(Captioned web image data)
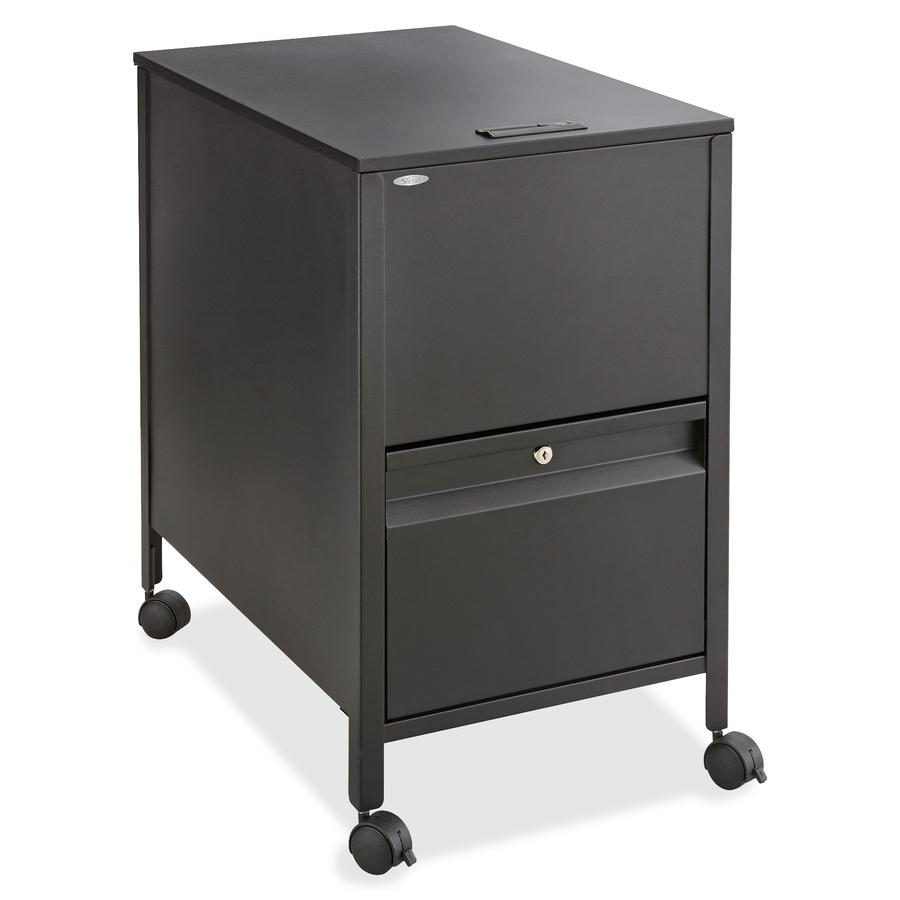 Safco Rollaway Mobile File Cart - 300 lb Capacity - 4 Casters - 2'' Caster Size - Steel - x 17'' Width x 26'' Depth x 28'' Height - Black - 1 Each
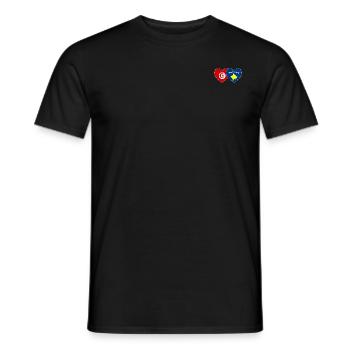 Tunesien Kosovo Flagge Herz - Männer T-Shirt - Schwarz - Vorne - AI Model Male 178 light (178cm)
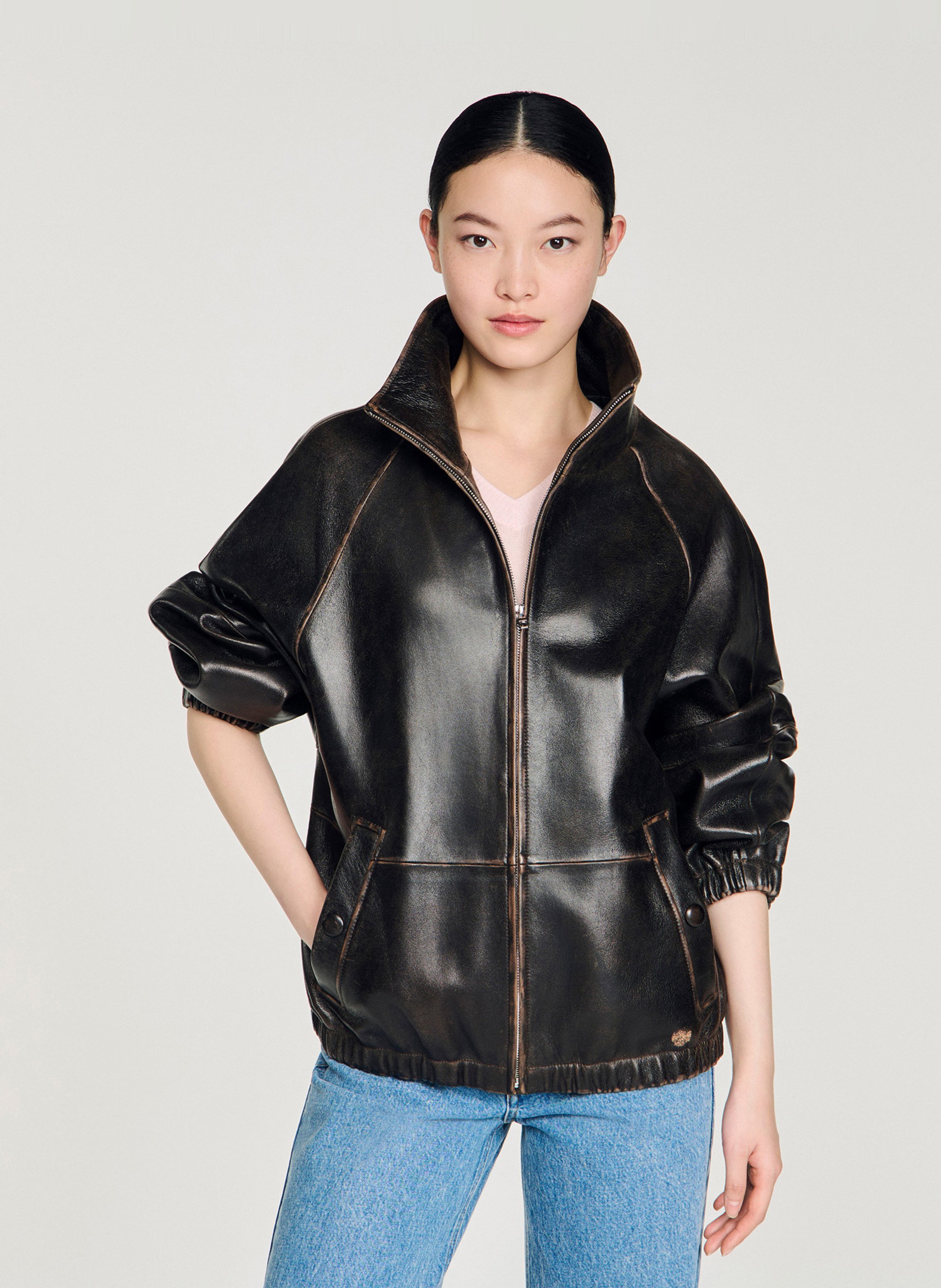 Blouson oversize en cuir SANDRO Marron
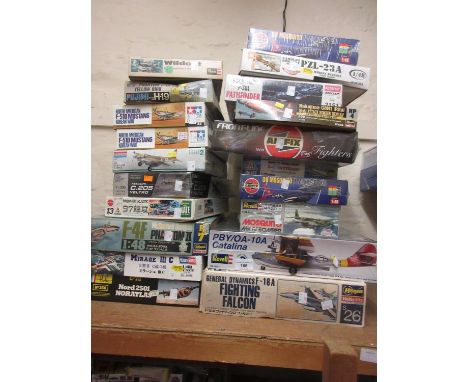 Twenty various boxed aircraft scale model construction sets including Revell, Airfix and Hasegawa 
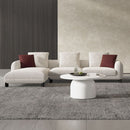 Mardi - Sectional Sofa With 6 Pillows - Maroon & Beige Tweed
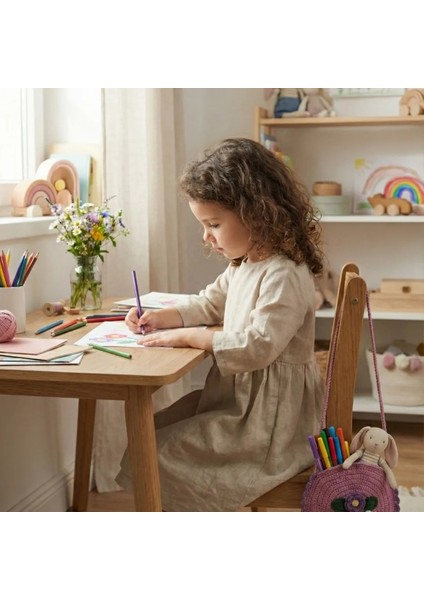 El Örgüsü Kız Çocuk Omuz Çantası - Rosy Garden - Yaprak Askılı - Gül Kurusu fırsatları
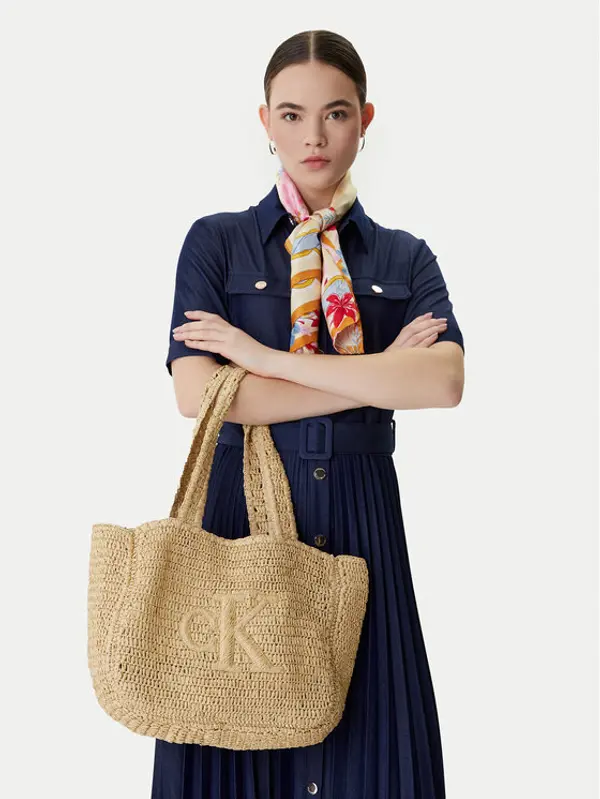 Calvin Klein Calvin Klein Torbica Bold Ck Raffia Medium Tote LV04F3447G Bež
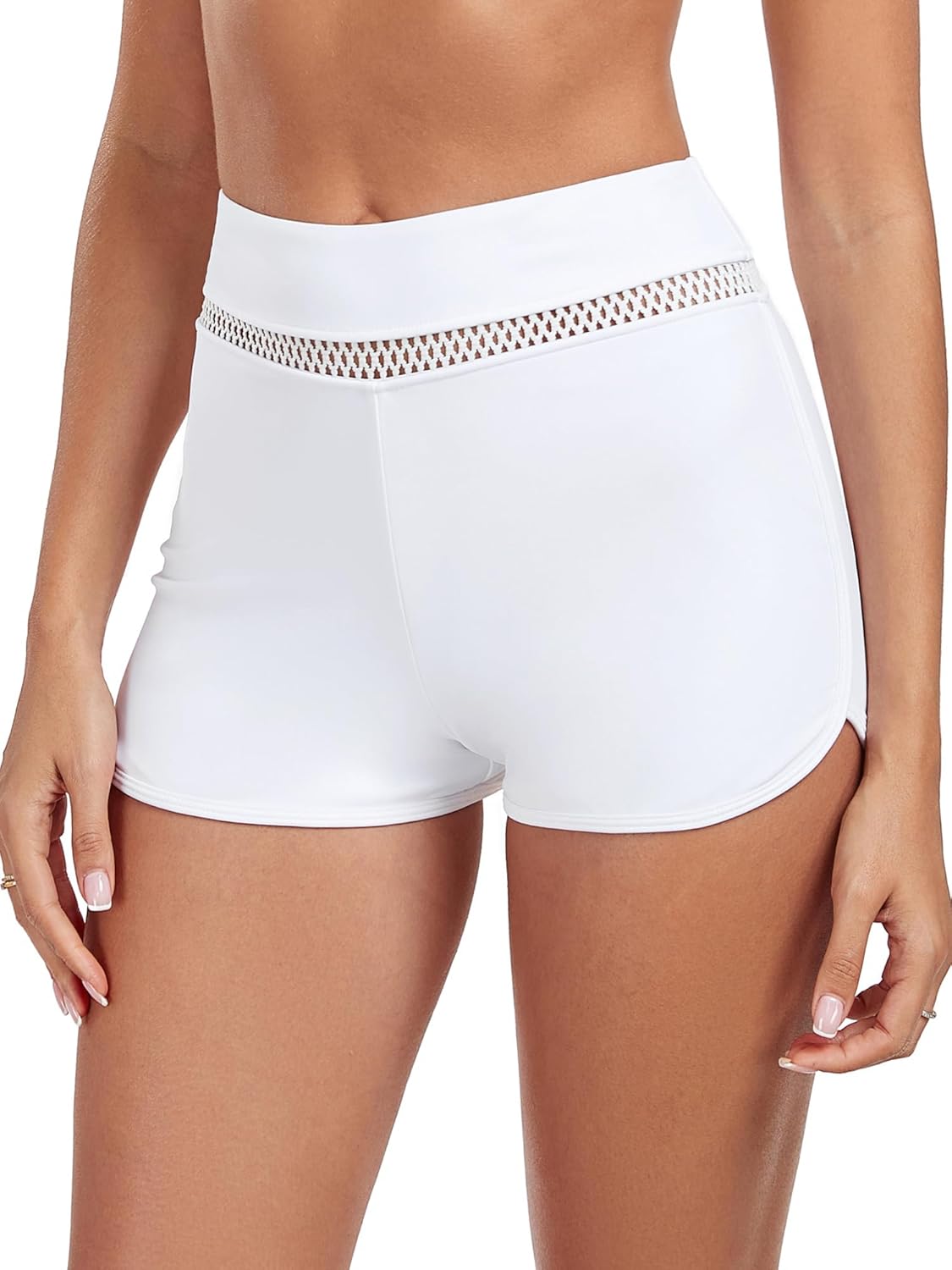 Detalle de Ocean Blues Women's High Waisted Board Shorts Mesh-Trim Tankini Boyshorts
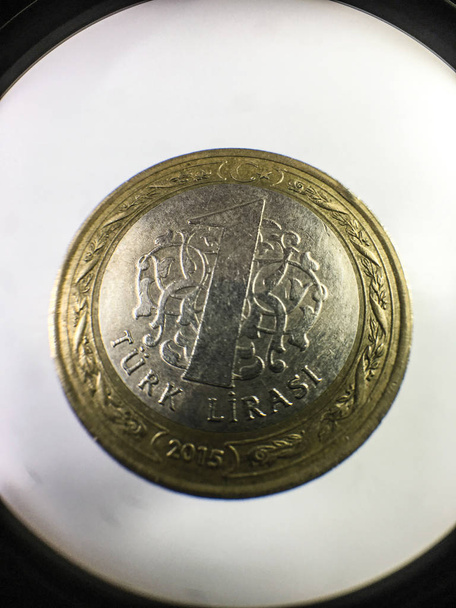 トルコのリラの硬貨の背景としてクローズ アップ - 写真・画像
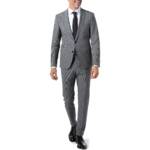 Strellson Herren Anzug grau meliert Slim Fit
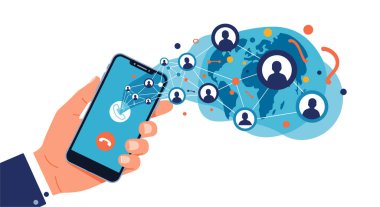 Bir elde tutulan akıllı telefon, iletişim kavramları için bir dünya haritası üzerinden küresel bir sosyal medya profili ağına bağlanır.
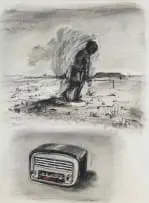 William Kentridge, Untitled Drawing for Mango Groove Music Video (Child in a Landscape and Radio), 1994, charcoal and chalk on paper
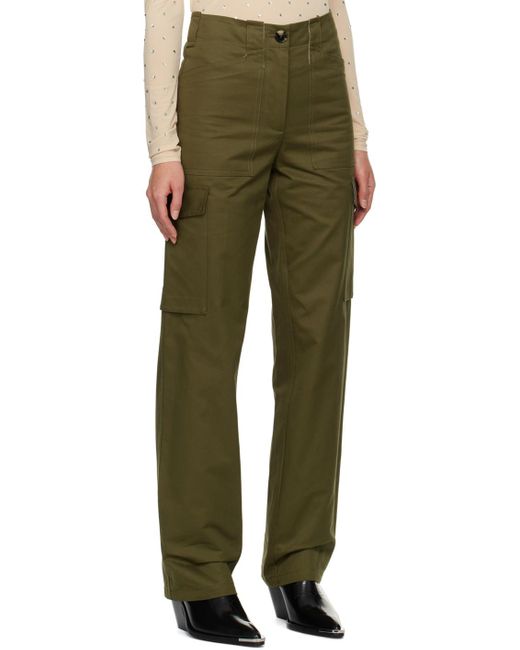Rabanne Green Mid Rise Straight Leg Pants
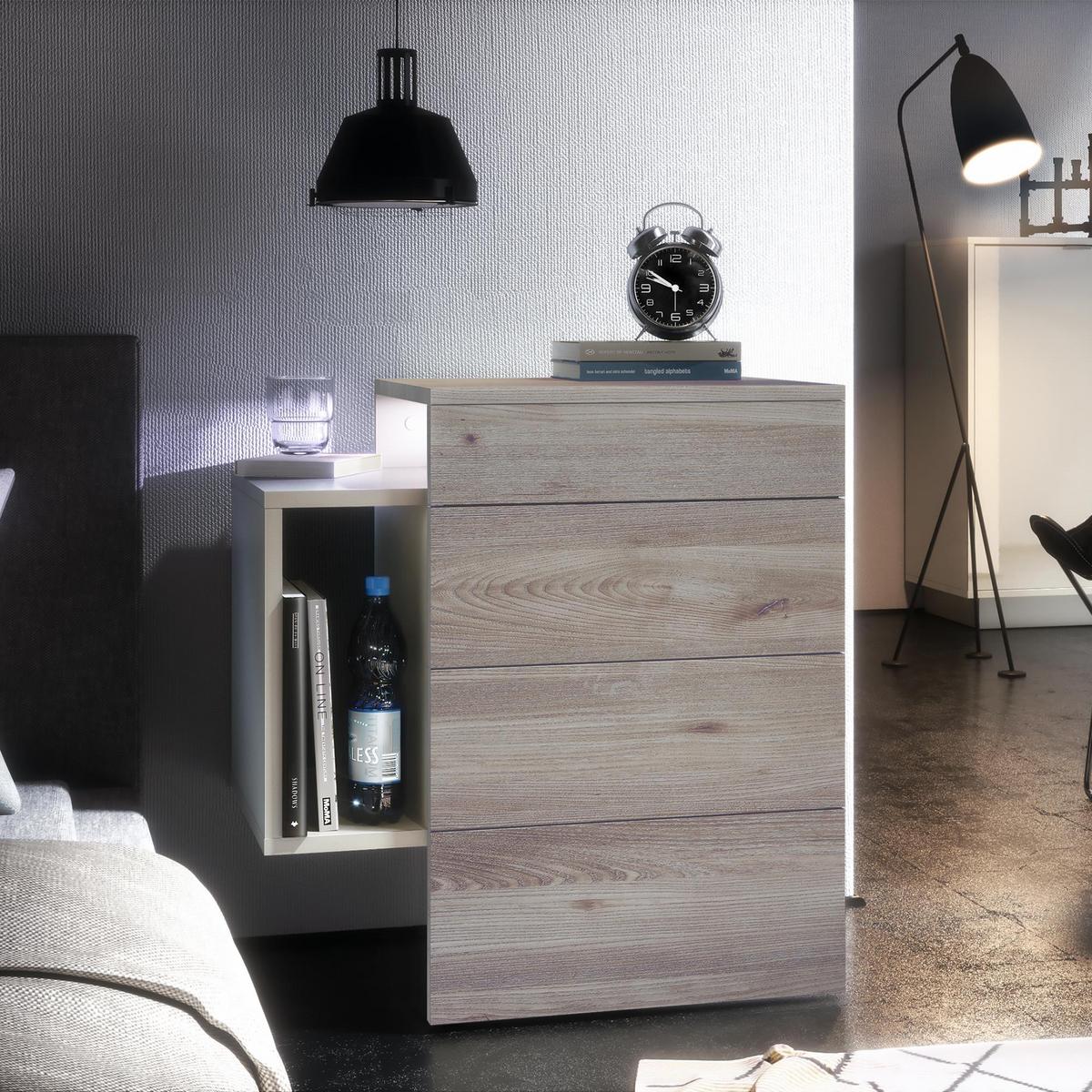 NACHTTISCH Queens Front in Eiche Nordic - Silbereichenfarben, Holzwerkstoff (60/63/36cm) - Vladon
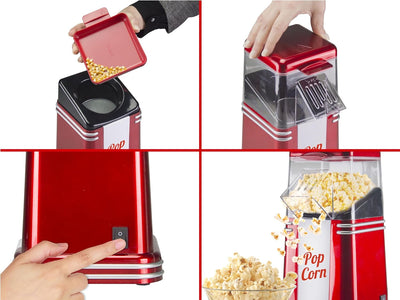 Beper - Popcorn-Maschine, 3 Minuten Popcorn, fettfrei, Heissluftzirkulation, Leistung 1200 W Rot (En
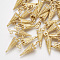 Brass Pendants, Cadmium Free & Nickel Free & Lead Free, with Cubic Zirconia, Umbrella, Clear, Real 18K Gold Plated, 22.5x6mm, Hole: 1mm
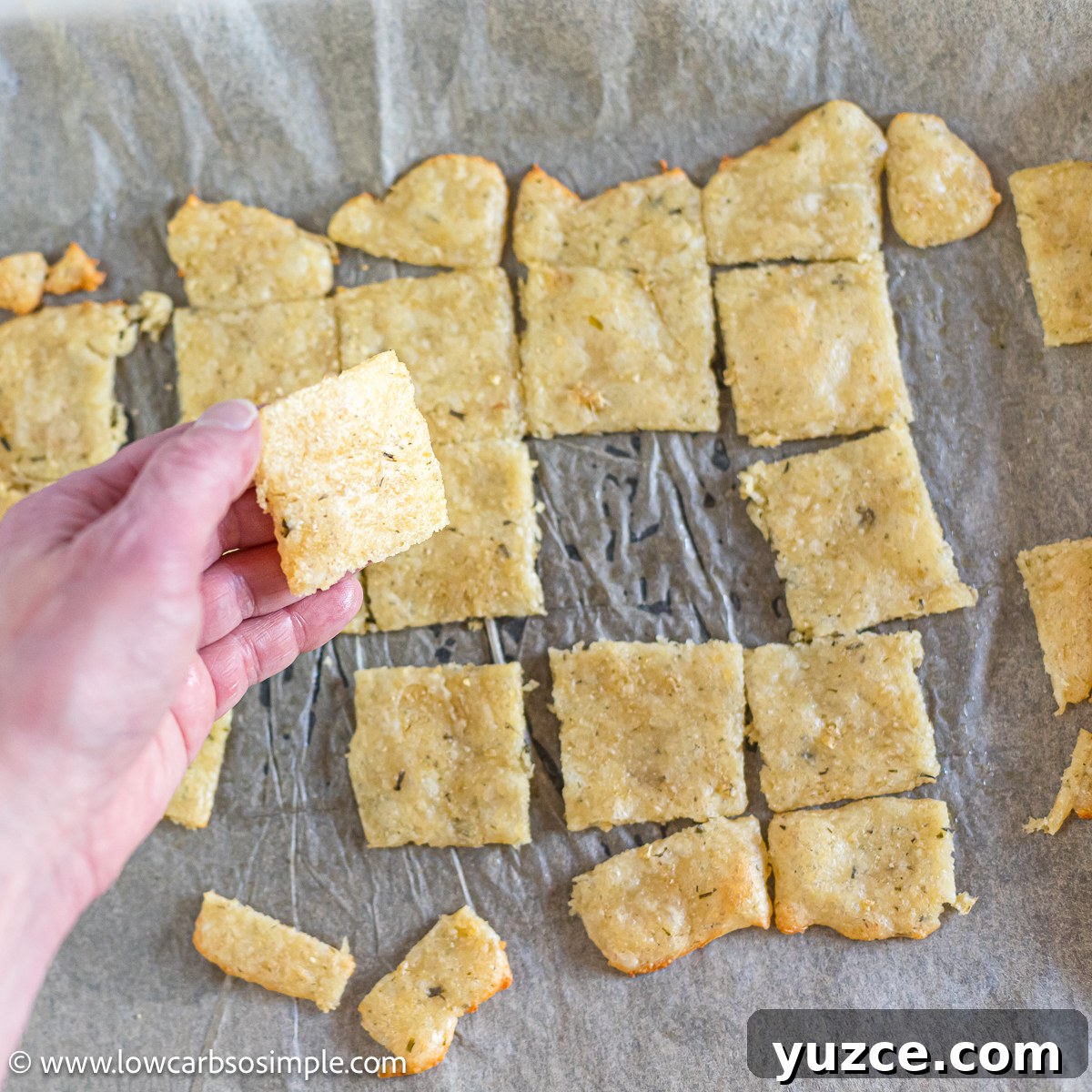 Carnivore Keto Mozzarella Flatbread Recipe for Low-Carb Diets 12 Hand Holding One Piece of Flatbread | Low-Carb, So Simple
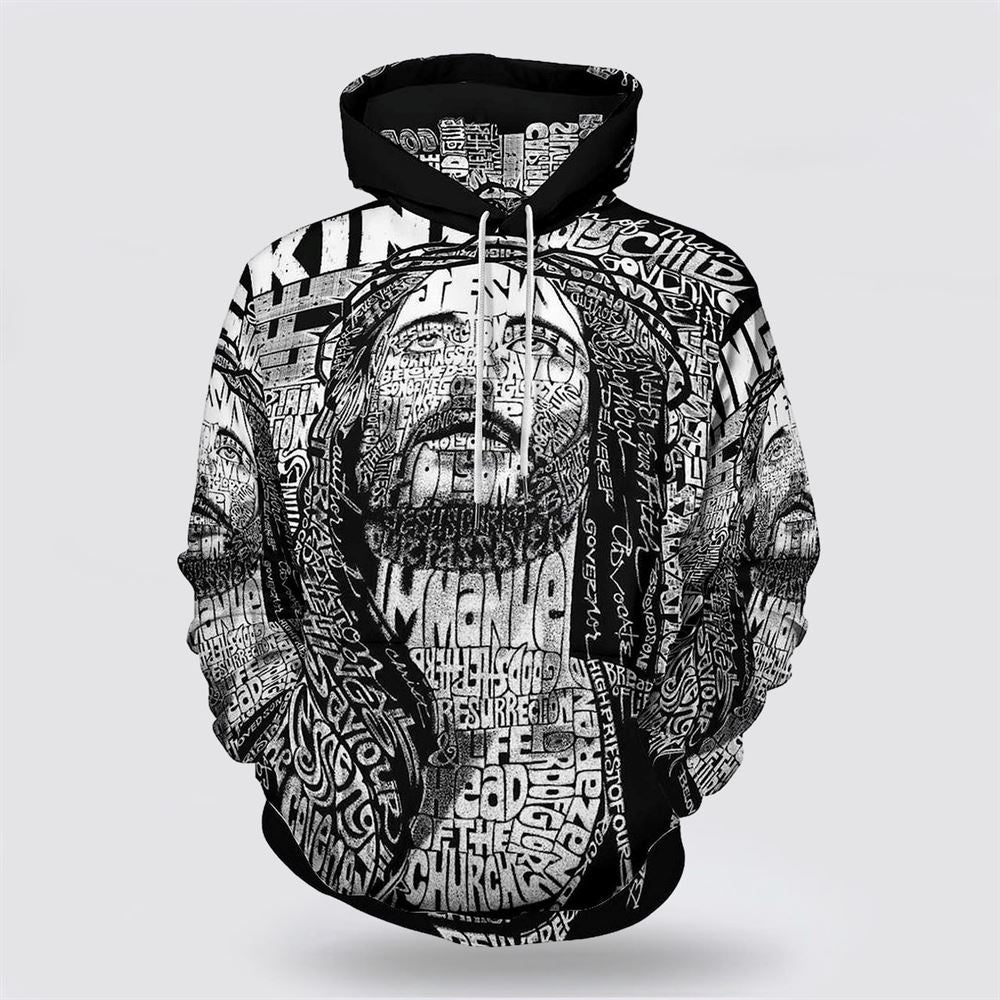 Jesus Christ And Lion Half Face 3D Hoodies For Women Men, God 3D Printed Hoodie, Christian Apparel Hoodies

* Required work *
Reproduce the entries exactly, from the line with "Detalle de Ocean" to the line with "Bir elde tutulan", both lines included, keeping no pictures.

* Response *
 Detalle de Ocean Blues Women's High Waisted Board Shorts Mesh-Trim Tankini Boyshorts
 トルコのリラの硬貨の背景としてクローズ アップ - 写真・画像
 Strellson Herren Anzug grau meliert Slim Fit
 Bir elde tutulan akıllı telefon, iletişim kavramları için bir dünya haritası üzerinden küresel bir sosyal medya profili ağına bağlanır.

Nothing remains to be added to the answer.